There must be only one UText open onto the underlying string
that is being modified. (Strings that are not being modified can be the
target of any number of UTexts at the same time) The existence of a
second UText that refers to a string that is being modified is not a
situation that is detected by the implementation. The application code
must be structured to avoid the situation.
Cloning
UText instances may be cloned. The clone function,
uUText * utext_clone(UText *dest,
const UText *src,
UBool deep,
UErrorCode *status)
behaves
very much like a UText open functions, with the source of the text
being another UText rather than some other form of a string.
A shallow clone creates a new UText that maintains its own iteration state, but does not clone the underlying text itself.
A deep
clone copies the underlying text in addition to the UText state. This
would be appropriate if you wished to modify the text without the
changes being reflected back to the original source string. Not all
text providers support deep clone, so checking for error status returns
from utext_clone() is importatnt.
Thread Safety
UText
follows the usual ICU conventions for thread safety: concurrent calls
to functions accessing the same non-const UText is not supported. If
concurrent access to the text is required, the UText can be cloned,
allowing each thread access via a separate UText. So long as the
underlying text is not being modified, a shallow clone is sufficient.
Text Providers
A text provider is a set of functions that let UText support a specific text storage format.
ICU includes several UText text provider implementations, and applications can provide additional ones if needed.
To
implement a new UText text provider, it is necessary to have an
understanding of how UText is designed. Underneath the covers, UText is
a struct that includes
a pointer to a Text Chunk, which
is a UTF-16 buffer containing a section (or all) of the text being
referenced. For text sources whose native format is UTF-16, the chunk
description can refer directly to the original text data. For
non-UTF-16 sources, the chunk will refer to a side buffer containing
some range of the text that has been converted to UTF-16 format.
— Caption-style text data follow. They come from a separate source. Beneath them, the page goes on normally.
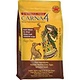 Carna4 Carna4 Venison Formula 5lb
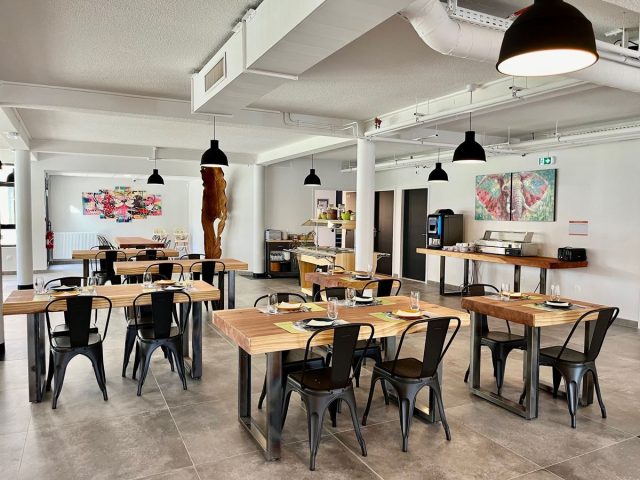 hotel-des-cimes-montrejeau3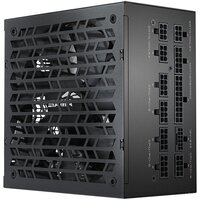 Sama G750 750W G0750-BKGFF001-EU Image #5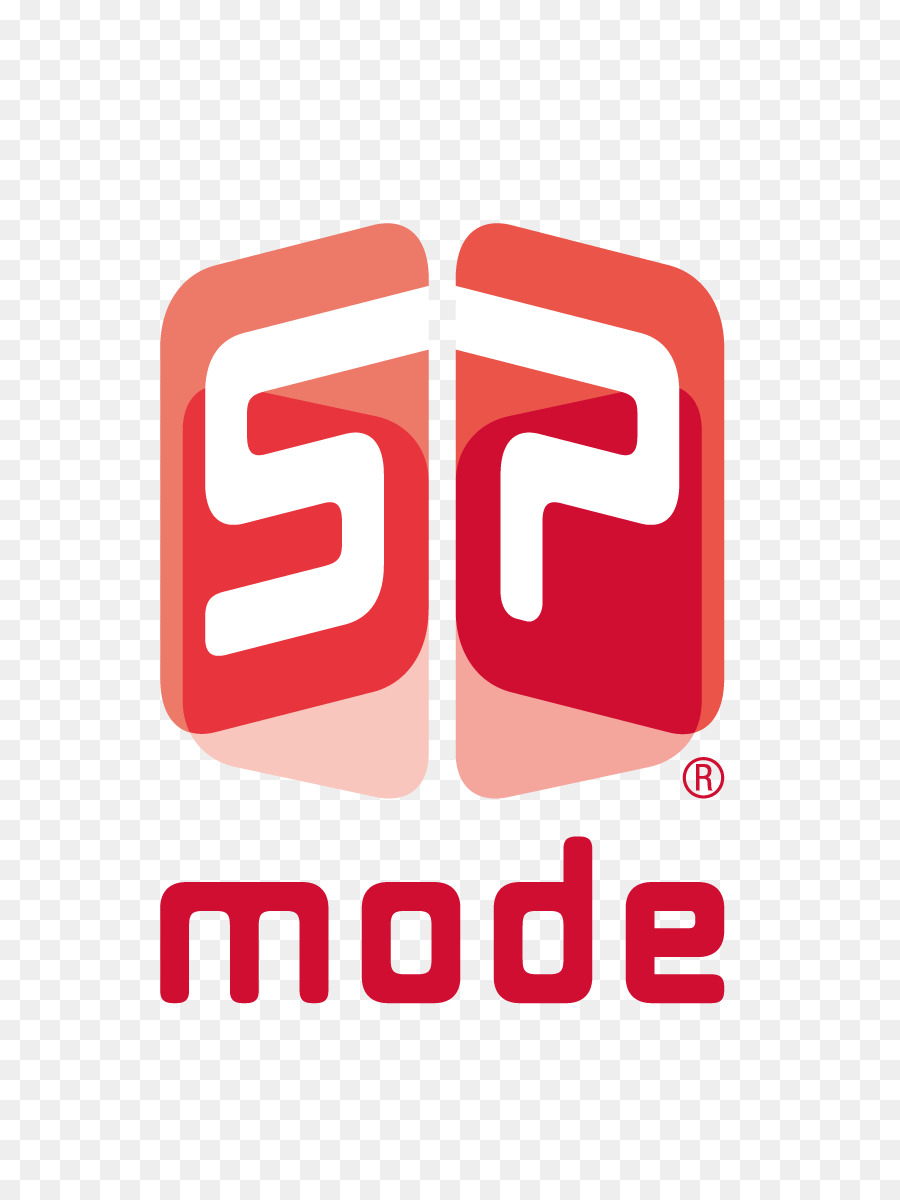 Spモード，Imode PNG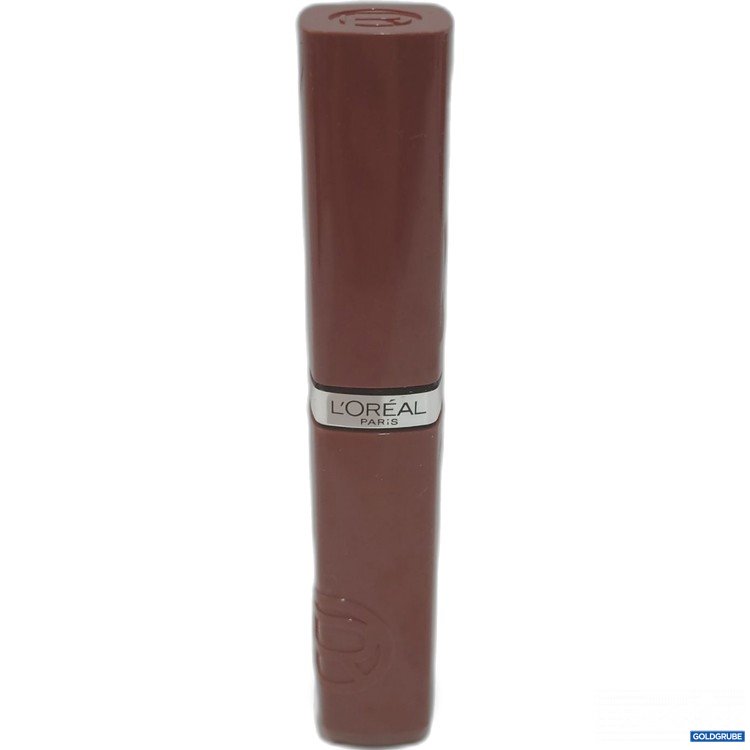 Artikel Nr. 884272: L'Oréal Paris Liquid Lipstick 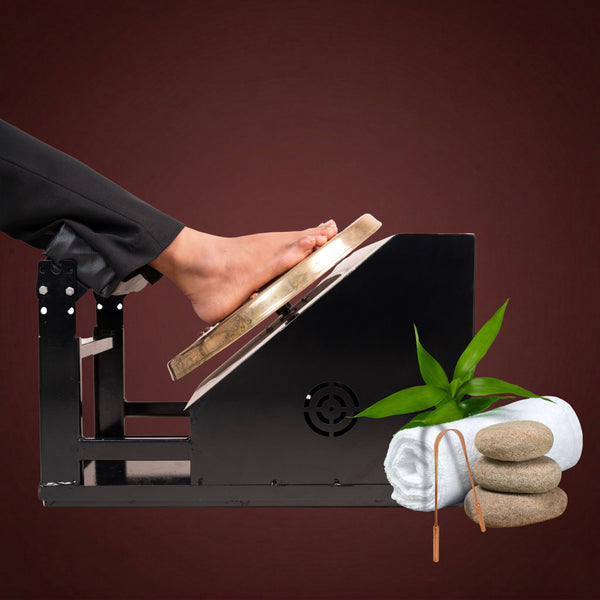 Health & Personal Care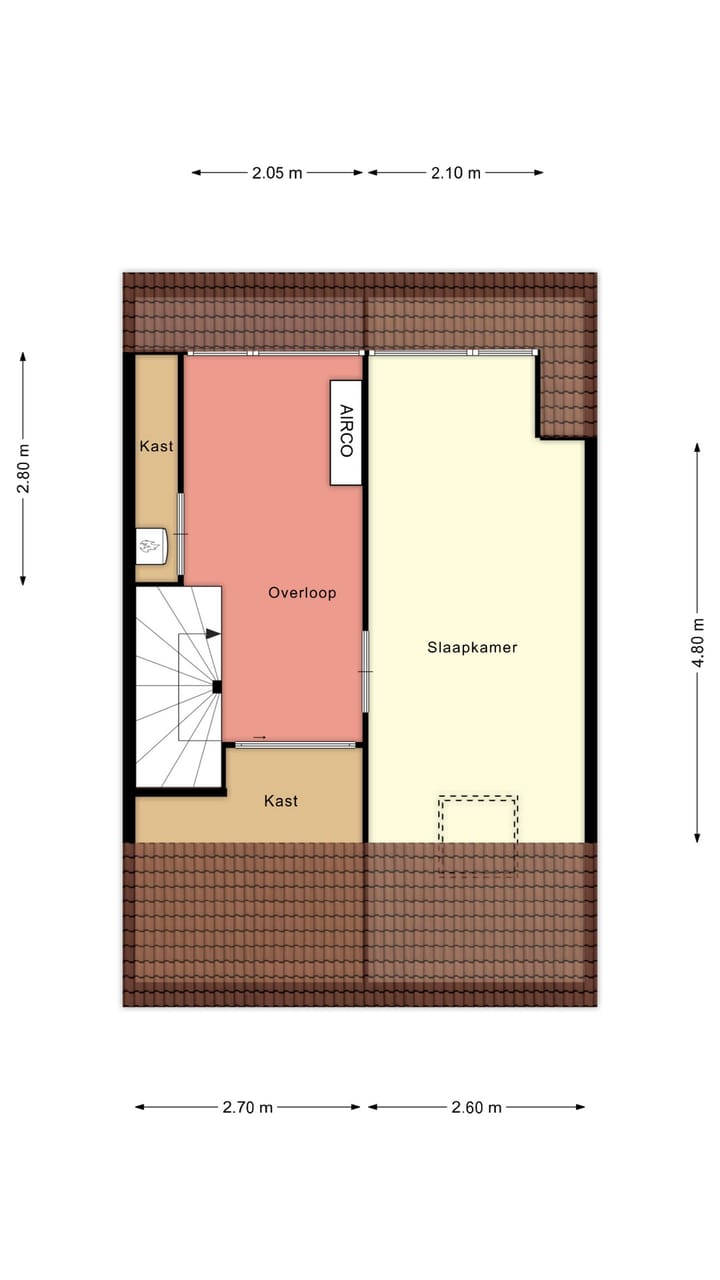 Foto 34 van Roebol 51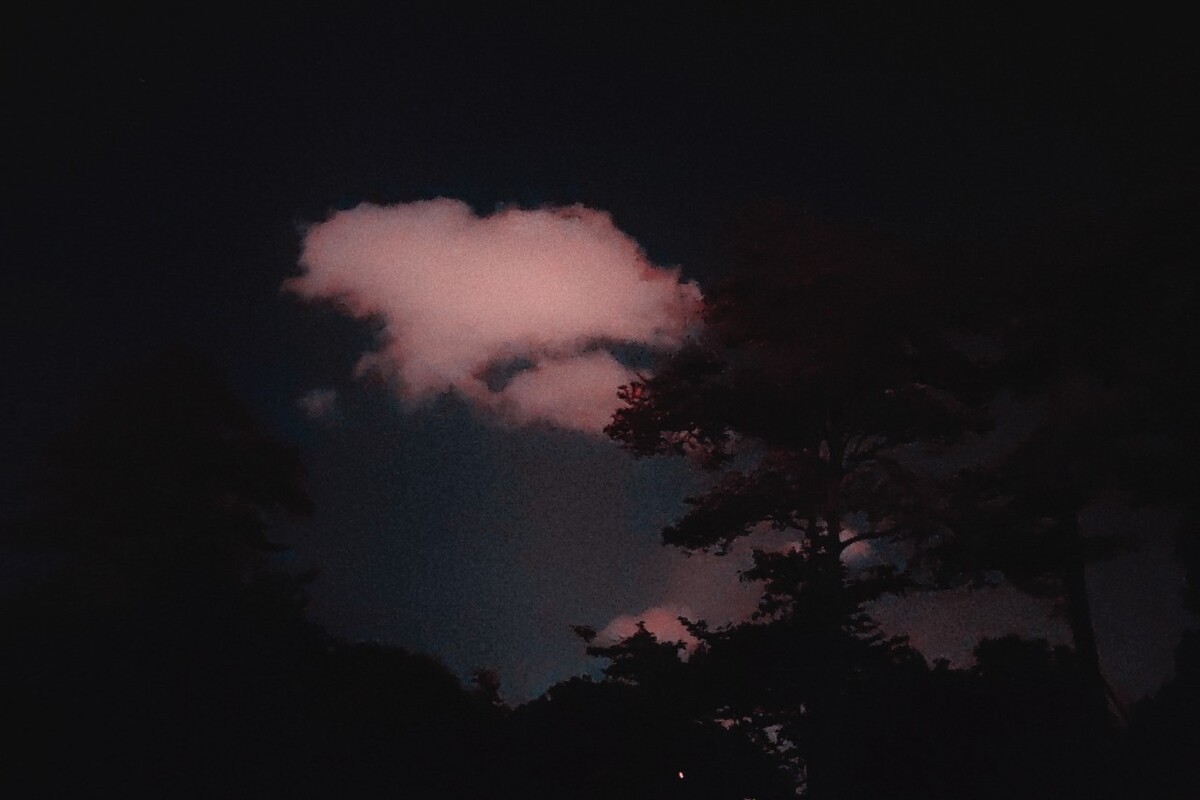 ҹ
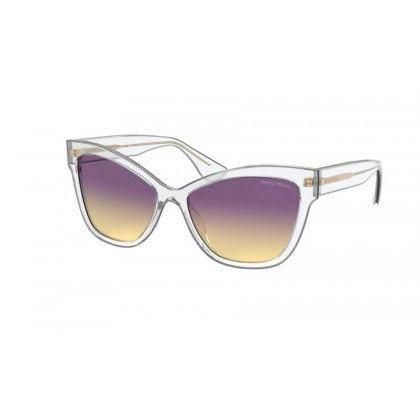 Sunglasses Miu Miu SMU 08VS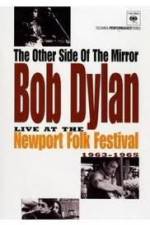 Watch Bob Dylan Live at The Folk Fest 123netflix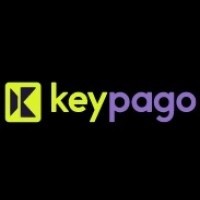 keypago logo - Similar company to 123 Lab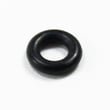 O-ring for Wagner 929 - Part 0327312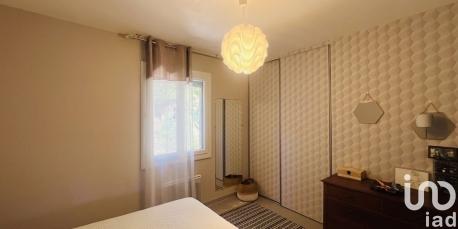 Maison à vendre 6 pièces 115 m² Pont-Saint-Esprit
The iteration position, as a UTF-16 offset within the chunk.
If a text access function (one of those described above, in the
previous section) can do its thing based on the information maintained
in the UText struct, it will. If not, it will call out to one of the
provider functions (below) to do the work, or to update the UText.
The
best way to really understand what is required of a UText provider is
to study the implementations that are included with ICU, and to borrow
as much as possible.
Here is the list of text provider functions.
Function | Description |
---|
UTextAccess | Set up the Text Chunk associated with this UText so that it includes a requested index position. |
UTextNativeLength | Return the full length of the text. |
UTextClone | Clone the UText. |
UTextExtract | Extract a range of text into a caller-supplied buffer |
UTextReplace | Replace a range of text with a caller-supplied replacement. May expand or shrink the overall text. |
UTextCopy | Move or copy a range of text to a new position. |
UTextMapOffsetToNative | Within the current text chunk, translate a UTF-16 buffer offset to an absolute native index. |
UTextMapNativeIndexToUTF16 | Translate an absolute native index to a UTF-16 buffer offset within the current text. |
UTextClose | Provider specific close. Free storage as required. |
Not
every provider type requires all of the functions. If the text type is
read-only, no implementation for Replace or Copy is required. If the
text is in UTF-16 format, no implementation of the native to UTF-16
index conversions is required.
To fully understand what is
required to support a new string type with UText, it will be necessary
to study both the provider function declarations from utext.h and the
existing text provider implementations in utext.cpp.